NOMES...

Uma vez pedi a meu pai que me dissesse por- que me haviam posto o nome de Ruy.

- Seu avô, me disse ter sido amigo de Ruy Barbosa, na Bahia, bem antes de ele se tornar figura destacada da intelectualidade brasileira. Um dia cha- mou a mim e a meus outros irmãos e nos pediu que déssemos ao primeiro filho homem que qualquer de nós tivesse, o nome de Ruy. Dos irmãos, apenas eu tive filhos. Primeiro nasceu sua irmã e depois de três anos, você. Cumpri com a vontade de seu avô e por isso você tem esse nome. Por que a pergunta, filho?

- É que venho tendo problemas com esse nome tão pequeno, pai.

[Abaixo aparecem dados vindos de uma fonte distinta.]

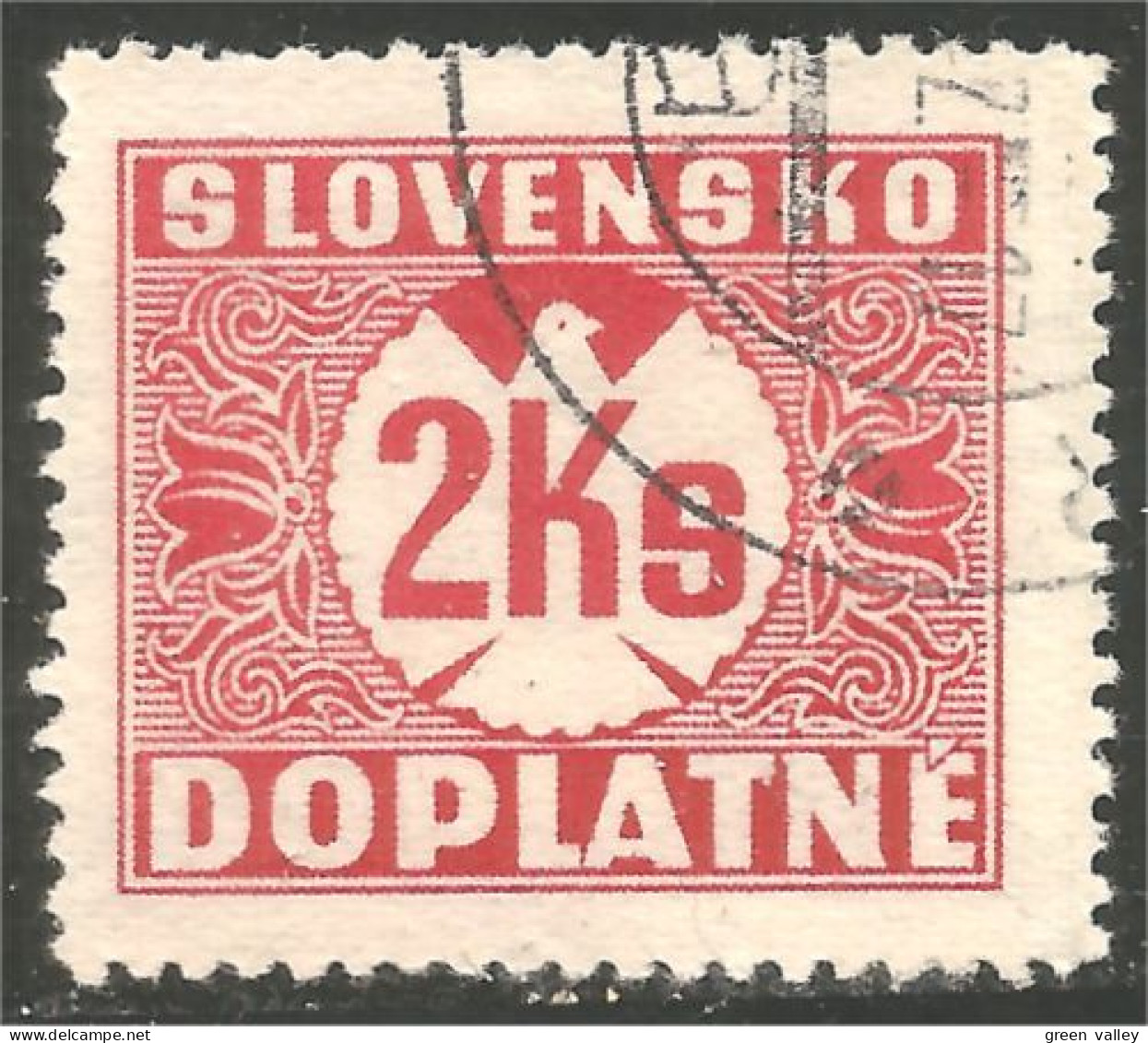 810 Slovensko Slovakia 1941 Postage Due Taxe 2 Ks Carmine (SLK-57b) - Used Stamps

- Filho, seu nome é homenagem ao grande bra-sileiro que honrou nossa pátria, não apenas aqui, mas também no exterior. Ele discursava tão bem e era tão inteligente, que num Congresso, depois de discursar em várias línguas recebeu a denominação de Águia de Haia.

- O senhor já havia me contado isso, pai. Acontece que, hoje, quase ninguém mais fala em Ruy Barbosa.

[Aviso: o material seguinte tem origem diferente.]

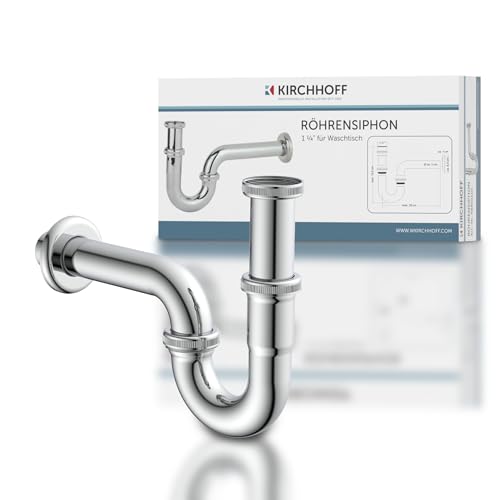 KIRCHHOFF 98801110 Röhrensiphon Siphon, Abfluss, Ablaufgarnitur für Waschbecken und Waschtisch, Geruchsverschluss, Abflussrohr, 1 Stück von Kirchhoff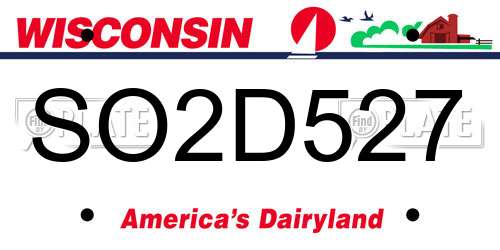 SO2D527 Wisconsin License Plate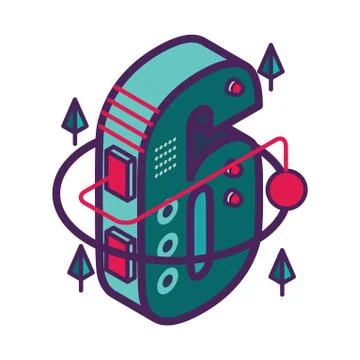 Isometric number 6 스톡 일러스트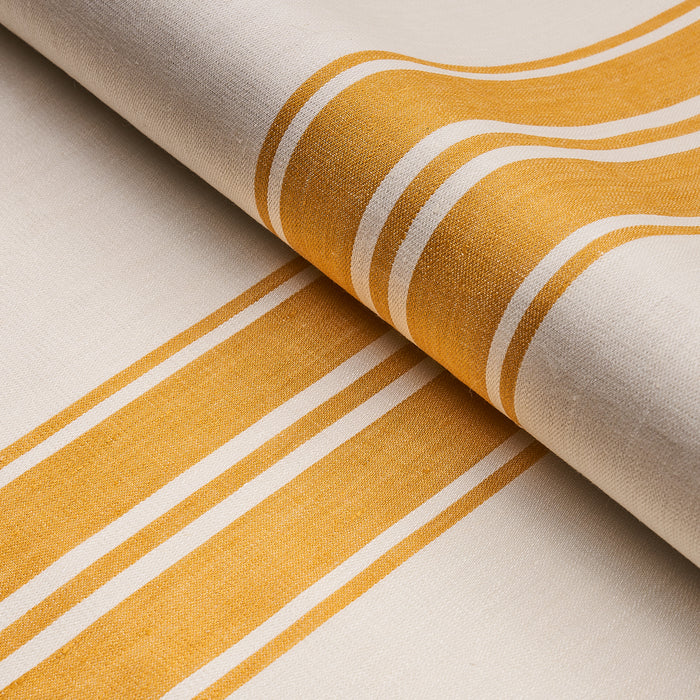 Schumacher Brentwood Stripe Yellow Fabric 70874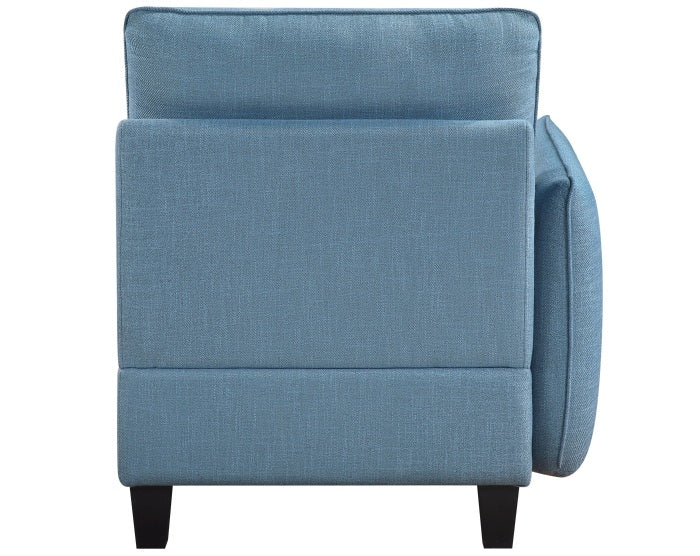 Homelegance 9557BUE-6SCOT  6 pc Garren blue textured fabric modular sectional sofa storage under seat and storage ottoman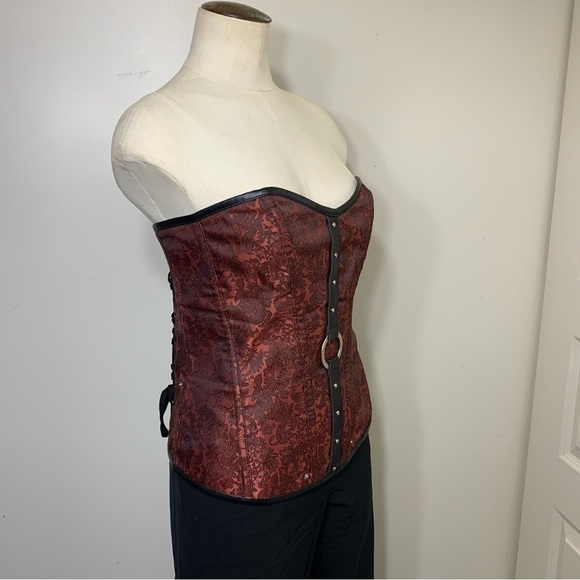 RED Black Corset Top Tapestry Faux Leather Lace up Bustier L/XL Romantic Goth - Picture 8 of 10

- Então, qual é o seu problema com o nome?

- Outro dia, eu ia passando por uma rua e, um homem, que vinha atrás de mim, a poucos passos de distância, gritou. Virei-me, pois pensei que ele me conhecia e falava comigo, mas ele segurava um dos pés, já fora do chinelo e continuava a repetir: Ui! Ui! Só então entendi que berrava de dor por haver dado uma topada e estava com um dedo machucado. Ui é muito parecido com Ruy.

O pai sorriu e eu prossegui:

- Outra vez, dois amigos começaram a conversar na fila para comprar ingresso ao cinema e várias vezes pensei que diziam o meu nome, mas não. Eles cansaram de usar a palavra “fui” para caracterizar alguém indo embora. Guardei até uma das frases que um deles disse:

“- Aí eu me cansei da história que o meu vizinho me contava e me mandei, dizendo para ele: “Fui!”. E lá fiquei outra vez sem graça porque não era comigo que falavam. Nem sabiam o meu nome. Nem nos conhecíamos. Ui. Fui. Palavras curtas e que, pronunciadas rapidamente, confundem-se com o meu nome.

O pai sorriu novamente, colocou a mão, no meu ombro e disse:

- Sabe que você tem razão? Seu nome é o de um grande brasileiro. Pena que vem lhe trazendo aborrecimentos. Vou ver se a lei me permite mudá-lo. Tenho algumas sugestões. Que tal Asclepíades? Ou Tucídides? Ou ainda Eustáquio? Garanto que nenhuma exclamação de dor ou gíria da moda vai ser confundida com seu novo nome. O que acha das sugestões?

- Ah, pai. Tem tantos nomes maiores que o meu e que nem de longe se parecem com esses horrorosos que o senhor sugeriu...

- Posso listar outros, mas sei que no final você vai acabar mesmo é querendo voltar ao seu pequenino mas belo nome. Afinal não é tão comum alguém dar topadas perto de você ou usar a gíria que você citou. Como sabe, as gírias passam depressa.

- É, o senhor tem razão. Acho que estou levando um fato sem importância a sério demais. Vamos jogar uma partida de botão, pai? Estou indo preparar a mesa. Fui!